- Exercise
Among the entries that follow, the required portion opens with the line containing "MERCEDES-BENZ SPRINTER 317" and closes with the line containing "Staycation Spotlight: Beachfront". Give that portion again exactly, and nothing else.

[Collected data entries]
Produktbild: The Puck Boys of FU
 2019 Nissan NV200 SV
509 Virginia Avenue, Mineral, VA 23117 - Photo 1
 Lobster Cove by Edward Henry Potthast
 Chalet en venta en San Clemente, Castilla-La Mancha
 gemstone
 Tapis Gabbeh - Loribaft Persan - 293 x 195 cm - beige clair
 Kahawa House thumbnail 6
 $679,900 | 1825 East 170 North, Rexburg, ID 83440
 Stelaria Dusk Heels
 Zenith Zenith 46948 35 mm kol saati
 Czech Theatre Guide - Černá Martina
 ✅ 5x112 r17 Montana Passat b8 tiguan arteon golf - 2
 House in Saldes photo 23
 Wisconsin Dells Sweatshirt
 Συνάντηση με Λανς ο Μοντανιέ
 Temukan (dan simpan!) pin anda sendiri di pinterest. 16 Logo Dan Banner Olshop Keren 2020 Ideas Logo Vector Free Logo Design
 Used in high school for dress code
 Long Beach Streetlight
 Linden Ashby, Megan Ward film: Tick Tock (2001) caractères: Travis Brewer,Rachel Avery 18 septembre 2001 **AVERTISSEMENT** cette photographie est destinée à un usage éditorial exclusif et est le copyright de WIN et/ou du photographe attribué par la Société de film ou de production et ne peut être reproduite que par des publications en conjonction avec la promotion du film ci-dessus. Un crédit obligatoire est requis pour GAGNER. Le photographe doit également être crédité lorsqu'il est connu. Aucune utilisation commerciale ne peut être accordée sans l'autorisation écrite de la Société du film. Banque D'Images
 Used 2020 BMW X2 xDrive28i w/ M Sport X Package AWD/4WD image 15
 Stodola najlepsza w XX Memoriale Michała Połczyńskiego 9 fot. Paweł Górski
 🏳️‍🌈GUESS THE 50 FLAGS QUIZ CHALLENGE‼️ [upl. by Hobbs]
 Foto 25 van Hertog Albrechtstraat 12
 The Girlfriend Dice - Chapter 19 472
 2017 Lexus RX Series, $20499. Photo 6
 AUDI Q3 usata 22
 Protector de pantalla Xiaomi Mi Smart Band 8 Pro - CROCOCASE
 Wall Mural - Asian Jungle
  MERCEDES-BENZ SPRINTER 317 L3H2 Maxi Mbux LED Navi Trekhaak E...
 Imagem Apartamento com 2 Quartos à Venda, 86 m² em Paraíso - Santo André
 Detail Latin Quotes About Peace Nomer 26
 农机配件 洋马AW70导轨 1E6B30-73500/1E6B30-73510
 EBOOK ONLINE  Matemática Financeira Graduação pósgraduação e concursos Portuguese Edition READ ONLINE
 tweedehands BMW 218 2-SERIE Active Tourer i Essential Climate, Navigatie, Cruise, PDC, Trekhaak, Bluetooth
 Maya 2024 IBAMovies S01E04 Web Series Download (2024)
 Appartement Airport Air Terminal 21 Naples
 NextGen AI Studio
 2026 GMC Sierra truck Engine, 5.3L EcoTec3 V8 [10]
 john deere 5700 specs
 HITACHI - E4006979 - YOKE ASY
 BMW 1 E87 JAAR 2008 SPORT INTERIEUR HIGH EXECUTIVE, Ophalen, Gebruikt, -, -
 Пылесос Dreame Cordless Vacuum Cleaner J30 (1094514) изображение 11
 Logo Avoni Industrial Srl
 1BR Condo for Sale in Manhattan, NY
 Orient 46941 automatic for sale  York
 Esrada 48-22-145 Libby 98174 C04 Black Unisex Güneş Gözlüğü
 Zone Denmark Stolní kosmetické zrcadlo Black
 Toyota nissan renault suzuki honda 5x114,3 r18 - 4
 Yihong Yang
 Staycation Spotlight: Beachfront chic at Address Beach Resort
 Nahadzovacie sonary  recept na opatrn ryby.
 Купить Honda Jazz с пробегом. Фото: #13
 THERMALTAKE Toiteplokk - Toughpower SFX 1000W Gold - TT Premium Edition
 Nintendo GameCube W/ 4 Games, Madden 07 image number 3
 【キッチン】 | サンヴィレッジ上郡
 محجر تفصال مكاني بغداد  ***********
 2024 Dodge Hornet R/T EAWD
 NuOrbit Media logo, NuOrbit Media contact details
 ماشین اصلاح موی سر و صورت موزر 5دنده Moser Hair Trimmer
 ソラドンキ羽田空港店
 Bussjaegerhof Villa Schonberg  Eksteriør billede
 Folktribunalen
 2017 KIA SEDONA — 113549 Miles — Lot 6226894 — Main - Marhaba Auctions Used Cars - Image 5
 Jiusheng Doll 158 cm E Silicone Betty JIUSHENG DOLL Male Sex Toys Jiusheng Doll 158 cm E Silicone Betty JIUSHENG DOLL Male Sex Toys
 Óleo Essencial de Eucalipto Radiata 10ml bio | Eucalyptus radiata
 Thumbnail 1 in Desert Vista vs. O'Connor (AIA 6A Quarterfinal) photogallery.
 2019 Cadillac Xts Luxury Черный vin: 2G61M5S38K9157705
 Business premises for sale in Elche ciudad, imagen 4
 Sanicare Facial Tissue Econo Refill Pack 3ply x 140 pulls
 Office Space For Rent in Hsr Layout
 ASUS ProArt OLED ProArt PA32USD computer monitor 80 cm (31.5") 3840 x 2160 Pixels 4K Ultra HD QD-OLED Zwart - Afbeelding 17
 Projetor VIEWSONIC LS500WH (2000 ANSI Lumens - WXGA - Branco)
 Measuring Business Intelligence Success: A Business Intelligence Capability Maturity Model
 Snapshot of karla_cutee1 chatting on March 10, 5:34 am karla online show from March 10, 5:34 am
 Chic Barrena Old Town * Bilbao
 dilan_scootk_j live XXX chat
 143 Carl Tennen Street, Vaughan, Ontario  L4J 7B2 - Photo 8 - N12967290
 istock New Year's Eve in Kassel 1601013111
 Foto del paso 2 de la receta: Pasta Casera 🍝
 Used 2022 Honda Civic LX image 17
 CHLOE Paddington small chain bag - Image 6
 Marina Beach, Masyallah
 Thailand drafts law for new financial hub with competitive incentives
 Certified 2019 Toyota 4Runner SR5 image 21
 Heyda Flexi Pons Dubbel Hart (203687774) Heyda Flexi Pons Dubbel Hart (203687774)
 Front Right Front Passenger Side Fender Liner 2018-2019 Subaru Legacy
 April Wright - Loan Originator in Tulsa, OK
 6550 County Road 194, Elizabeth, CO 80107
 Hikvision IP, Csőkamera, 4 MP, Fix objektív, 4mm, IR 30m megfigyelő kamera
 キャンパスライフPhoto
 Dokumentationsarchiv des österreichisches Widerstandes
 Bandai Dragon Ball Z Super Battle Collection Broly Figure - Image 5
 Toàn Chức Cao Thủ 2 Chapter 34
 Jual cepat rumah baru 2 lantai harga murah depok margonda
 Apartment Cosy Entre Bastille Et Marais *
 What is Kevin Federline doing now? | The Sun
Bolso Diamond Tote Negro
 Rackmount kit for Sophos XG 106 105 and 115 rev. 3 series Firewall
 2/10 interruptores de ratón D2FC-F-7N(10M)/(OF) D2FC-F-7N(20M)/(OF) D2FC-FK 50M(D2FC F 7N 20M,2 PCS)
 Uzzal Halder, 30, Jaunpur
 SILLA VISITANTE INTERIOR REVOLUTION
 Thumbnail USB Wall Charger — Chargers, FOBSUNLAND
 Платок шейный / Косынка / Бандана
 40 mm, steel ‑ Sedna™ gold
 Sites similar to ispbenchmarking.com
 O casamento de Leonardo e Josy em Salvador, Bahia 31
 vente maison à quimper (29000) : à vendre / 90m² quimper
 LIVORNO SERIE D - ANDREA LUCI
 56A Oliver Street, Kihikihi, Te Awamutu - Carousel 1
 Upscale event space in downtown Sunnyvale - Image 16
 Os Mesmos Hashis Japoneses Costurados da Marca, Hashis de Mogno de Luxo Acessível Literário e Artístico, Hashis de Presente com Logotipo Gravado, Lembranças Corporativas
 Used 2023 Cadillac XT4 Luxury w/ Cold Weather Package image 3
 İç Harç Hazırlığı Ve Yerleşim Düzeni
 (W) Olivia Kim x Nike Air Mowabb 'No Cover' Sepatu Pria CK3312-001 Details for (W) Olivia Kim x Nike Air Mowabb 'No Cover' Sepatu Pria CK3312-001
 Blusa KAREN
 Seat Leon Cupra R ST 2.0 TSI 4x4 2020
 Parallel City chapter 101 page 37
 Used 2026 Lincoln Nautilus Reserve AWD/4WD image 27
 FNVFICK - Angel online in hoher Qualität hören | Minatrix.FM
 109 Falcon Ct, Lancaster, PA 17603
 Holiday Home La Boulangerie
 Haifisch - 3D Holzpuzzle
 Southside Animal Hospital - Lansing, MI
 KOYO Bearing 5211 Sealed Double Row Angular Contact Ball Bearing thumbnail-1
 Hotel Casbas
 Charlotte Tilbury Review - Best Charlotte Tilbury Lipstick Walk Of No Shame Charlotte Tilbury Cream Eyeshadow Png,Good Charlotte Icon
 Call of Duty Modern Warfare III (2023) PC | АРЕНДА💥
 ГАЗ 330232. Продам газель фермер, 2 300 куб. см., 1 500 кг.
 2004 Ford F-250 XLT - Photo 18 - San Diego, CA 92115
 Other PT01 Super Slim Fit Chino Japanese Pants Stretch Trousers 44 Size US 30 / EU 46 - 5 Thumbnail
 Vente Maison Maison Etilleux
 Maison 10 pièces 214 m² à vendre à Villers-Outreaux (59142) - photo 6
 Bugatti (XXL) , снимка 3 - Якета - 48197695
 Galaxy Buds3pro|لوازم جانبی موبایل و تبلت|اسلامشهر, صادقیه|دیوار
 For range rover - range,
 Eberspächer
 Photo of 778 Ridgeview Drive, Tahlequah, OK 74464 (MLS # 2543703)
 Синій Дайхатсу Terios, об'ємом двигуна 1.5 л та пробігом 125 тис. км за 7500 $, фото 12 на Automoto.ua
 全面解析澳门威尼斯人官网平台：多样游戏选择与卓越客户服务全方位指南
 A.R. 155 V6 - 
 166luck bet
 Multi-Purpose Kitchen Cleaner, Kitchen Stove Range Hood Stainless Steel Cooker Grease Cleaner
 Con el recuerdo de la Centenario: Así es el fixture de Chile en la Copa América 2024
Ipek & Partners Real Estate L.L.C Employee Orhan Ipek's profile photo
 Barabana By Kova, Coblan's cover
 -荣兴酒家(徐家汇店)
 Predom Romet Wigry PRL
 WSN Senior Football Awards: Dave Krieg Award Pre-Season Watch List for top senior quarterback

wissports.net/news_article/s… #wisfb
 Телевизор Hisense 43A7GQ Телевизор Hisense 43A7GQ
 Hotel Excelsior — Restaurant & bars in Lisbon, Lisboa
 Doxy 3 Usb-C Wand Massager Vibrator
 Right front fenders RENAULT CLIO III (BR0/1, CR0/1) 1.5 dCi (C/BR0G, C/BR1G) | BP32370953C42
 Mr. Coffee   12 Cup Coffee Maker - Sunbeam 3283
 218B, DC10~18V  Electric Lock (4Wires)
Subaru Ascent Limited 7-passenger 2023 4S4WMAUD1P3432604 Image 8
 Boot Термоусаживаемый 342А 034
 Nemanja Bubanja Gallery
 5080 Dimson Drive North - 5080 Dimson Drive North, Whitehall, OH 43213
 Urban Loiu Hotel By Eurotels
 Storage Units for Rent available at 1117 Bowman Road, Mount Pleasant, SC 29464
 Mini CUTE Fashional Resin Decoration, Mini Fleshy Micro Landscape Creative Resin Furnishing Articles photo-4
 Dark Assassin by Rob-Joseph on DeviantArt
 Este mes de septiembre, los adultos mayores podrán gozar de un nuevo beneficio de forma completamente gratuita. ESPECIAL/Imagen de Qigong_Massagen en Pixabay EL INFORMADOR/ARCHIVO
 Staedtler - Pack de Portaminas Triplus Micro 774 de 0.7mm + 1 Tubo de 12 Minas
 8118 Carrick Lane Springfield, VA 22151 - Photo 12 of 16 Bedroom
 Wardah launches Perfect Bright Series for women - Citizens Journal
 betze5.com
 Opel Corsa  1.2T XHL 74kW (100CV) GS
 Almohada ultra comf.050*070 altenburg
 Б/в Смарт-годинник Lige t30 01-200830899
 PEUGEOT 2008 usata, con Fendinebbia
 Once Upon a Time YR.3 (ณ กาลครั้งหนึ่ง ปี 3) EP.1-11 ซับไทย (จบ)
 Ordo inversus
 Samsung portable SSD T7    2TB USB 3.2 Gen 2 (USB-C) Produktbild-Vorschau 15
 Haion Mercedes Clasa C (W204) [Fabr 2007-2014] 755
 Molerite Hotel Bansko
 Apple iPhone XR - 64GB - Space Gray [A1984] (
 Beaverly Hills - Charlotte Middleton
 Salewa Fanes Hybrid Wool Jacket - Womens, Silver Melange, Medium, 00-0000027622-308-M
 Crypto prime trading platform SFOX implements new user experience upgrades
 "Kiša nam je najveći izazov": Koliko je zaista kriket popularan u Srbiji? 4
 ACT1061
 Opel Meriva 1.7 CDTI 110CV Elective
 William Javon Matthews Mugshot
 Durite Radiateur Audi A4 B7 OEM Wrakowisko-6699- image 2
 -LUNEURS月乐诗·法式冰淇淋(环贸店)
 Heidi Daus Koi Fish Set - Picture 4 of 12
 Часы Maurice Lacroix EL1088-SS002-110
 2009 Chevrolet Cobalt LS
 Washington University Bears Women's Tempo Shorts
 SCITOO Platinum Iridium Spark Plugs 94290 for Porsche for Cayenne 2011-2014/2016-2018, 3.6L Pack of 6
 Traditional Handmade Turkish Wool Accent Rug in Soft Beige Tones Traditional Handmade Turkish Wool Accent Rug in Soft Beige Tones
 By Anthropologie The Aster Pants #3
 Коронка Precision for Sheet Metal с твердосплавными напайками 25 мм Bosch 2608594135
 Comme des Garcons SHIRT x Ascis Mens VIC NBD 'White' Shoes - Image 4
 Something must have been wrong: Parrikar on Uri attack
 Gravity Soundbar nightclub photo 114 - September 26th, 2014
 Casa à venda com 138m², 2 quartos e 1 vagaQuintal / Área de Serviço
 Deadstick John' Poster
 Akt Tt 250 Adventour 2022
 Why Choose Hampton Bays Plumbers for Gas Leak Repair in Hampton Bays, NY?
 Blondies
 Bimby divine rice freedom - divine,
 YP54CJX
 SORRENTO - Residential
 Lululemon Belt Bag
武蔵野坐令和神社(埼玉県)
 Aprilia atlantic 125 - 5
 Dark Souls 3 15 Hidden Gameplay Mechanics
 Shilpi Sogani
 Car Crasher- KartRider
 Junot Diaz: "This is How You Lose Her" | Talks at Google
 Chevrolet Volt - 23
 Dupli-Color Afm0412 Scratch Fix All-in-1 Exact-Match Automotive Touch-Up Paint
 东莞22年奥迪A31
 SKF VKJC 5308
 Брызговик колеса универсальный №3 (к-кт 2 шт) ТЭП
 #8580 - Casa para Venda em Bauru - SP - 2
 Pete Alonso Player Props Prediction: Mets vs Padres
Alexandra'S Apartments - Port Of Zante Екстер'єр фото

- Written solution
  MERCEDES-BENZ SPRINTER 317 L3H2 Maxi Mbux LED Navi Trekhaak E...
 Imagem Apartamento com 2 Quartos à Venda, 86 m² em Paraíso - Santo André
 Detail Latin Quotes About Peace Nomer 26
 农机配件 洋马AW70导轨 1E6B30-73500/1E6B30-73510
 EBOOK ONLINE  Matemática Financeira Graduação pósgraduação e concursos Portuguese Edition READ ONLINE
 tweedehands BMW 218 2-SERIE Active Tourer i Essential Climate, Navigatie, Cruise, PDC, Trekhaak, Bluetooth
 Maya 2024 IBAMovies S01E04 Web Series Download (2024)
 Appartement Airport Air Terminal 21 Naples
 NextGen AI Studio
 2026 GMC Sierra truck Engine, 5.3L EcoTec3 V8 [10]
 john deere 5700 specs
 HITACHI - E4006979 - YOKE ASY
 BMW 1 E87 JAAR 2008 SPORT INTERIEUR HIGH EXECUTIVE, Ophalen, Gebruikt, -, -
 Пылесос Dreame Cordless Vacuum Cleaner J30 (1094514) изображение 11
 Logo Avoni Industrial Srl
 1BR Condo for Sale in Manhattan, NY
 Orient 46941 automatic for sale  York
 Esrada 48-22-145 Libby 98174 C04 Black Unisex Güneş Gözlüğü
 Zone Denmark Stolní kosmetické zrcadlo Black
 Toyota nissan renault suzuki honda 5x114,3 r18 - 4
 Yihong Yang
 Staycation Spotlight: Beachfront chic at Address Beach Resort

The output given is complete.